# Records to process
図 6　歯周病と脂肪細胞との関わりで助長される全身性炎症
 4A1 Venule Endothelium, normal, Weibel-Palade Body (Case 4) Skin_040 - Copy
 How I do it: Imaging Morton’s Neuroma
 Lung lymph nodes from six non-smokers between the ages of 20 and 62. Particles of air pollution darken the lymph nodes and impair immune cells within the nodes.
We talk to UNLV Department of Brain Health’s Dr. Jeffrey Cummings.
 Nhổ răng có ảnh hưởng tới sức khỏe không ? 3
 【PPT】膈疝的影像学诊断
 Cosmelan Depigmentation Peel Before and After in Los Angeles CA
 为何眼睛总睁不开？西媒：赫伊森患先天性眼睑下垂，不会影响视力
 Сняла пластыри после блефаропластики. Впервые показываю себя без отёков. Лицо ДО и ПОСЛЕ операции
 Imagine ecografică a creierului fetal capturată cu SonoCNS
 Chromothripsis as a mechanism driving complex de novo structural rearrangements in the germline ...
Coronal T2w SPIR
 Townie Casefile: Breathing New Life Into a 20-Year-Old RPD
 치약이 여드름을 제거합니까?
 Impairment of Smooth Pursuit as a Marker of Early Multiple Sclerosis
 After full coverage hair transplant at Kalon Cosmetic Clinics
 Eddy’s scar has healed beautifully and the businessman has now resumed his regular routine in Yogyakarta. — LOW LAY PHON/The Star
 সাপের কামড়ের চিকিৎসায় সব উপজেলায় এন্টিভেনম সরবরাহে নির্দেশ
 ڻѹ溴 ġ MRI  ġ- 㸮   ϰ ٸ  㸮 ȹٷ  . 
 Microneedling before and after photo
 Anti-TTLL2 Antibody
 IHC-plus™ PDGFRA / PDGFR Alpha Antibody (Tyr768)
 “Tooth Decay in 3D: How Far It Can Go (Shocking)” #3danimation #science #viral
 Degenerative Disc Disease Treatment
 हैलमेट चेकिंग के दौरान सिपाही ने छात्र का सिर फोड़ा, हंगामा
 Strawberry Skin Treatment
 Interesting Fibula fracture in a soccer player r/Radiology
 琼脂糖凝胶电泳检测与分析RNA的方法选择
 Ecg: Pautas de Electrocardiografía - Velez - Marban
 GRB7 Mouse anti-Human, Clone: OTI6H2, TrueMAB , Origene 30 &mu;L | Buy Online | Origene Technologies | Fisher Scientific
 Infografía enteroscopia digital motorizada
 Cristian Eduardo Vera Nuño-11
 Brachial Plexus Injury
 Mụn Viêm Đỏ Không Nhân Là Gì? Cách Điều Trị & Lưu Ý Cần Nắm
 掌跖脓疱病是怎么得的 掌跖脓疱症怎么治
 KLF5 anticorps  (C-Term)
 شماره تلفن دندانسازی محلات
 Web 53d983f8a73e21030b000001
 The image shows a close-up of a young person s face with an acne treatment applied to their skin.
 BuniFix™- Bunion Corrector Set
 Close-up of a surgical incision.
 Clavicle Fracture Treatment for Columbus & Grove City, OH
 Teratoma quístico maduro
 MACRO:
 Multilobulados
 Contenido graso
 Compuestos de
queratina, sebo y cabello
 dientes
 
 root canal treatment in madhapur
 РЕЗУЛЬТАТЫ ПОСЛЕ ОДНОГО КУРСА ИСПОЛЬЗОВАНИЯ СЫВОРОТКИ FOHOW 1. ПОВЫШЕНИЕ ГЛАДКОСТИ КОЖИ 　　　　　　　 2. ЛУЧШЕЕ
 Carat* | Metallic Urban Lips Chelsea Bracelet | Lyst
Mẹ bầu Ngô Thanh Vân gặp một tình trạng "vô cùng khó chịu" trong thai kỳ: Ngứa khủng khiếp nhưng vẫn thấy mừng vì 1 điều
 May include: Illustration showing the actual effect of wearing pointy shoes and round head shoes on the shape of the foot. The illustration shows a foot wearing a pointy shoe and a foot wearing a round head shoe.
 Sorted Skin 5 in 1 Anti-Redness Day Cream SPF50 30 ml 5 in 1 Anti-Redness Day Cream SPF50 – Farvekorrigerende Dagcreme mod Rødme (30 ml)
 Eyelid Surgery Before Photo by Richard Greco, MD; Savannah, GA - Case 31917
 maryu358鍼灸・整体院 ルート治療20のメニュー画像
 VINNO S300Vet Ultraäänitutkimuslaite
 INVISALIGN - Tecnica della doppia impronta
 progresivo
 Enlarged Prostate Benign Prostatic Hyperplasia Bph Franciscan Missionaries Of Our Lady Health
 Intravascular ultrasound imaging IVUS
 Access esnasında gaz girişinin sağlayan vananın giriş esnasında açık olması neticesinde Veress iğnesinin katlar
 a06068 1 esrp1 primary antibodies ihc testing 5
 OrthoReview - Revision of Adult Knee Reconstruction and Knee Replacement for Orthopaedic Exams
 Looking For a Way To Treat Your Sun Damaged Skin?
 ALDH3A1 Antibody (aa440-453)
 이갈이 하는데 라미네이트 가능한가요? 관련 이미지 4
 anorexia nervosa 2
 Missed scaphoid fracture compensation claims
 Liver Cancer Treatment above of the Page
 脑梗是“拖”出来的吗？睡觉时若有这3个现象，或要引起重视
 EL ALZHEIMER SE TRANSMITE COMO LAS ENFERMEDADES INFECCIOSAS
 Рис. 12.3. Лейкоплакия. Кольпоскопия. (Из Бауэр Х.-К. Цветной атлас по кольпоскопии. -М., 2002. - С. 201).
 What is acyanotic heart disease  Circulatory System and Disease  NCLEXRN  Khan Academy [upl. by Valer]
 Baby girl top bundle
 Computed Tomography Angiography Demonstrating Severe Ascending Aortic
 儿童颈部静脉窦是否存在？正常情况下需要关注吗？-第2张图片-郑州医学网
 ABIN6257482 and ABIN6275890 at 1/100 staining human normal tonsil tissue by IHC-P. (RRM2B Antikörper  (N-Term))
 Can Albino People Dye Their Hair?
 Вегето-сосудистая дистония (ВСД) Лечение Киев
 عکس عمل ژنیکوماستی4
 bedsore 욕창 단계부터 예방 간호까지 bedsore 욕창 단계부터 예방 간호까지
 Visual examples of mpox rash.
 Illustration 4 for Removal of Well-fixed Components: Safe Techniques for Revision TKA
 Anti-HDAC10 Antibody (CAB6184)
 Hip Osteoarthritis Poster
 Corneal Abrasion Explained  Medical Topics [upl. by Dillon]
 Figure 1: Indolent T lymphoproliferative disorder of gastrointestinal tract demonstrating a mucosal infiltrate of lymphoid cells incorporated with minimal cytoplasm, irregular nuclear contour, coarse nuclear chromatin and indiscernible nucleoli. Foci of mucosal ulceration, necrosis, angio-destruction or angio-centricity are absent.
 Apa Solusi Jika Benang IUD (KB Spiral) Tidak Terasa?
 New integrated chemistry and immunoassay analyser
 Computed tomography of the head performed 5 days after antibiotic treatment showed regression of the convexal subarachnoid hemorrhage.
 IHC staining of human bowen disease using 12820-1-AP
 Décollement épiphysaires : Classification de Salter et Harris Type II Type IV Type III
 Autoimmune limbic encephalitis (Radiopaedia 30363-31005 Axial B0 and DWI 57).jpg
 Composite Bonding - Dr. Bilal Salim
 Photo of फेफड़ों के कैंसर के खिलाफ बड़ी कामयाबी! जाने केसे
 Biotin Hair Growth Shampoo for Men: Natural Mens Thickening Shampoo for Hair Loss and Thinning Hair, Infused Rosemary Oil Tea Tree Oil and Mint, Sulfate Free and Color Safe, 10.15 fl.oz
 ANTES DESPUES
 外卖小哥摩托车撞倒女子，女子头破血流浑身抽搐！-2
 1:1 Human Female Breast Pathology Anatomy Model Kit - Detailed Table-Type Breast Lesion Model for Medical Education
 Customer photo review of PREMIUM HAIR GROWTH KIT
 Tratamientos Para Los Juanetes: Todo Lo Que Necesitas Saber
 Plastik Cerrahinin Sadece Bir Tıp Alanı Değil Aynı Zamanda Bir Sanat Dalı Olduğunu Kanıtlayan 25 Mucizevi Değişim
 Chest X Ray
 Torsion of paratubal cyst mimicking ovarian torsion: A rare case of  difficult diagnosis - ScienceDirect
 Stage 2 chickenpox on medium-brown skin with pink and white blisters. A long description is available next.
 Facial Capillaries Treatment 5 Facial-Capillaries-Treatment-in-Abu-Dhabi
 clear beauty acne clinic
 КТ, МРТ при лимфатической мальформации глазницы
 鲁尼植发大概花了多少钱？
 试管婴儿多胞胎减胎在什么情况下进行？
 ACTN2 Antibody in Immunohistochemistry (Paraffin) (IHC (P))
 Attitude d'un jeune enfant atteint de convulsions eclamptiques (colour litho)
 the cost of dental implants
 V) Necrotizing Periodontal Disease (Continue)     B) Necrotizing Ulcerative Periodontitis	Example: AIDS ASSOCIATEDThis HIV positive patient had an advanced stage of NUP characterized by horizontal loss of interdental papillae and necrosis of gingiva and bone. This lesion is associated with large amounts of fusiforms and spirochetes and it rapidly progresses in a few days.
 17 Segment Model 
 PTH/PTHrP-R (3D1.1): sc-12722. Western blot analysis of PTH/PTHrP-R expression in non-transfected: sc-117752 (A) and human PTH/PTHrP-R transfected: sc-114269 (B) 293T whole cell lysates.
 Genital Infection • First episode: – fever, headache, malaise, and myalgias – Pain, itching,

# What this task involves
Provide the number of lines in the entries that include "staining", and no other text.

# Written response
2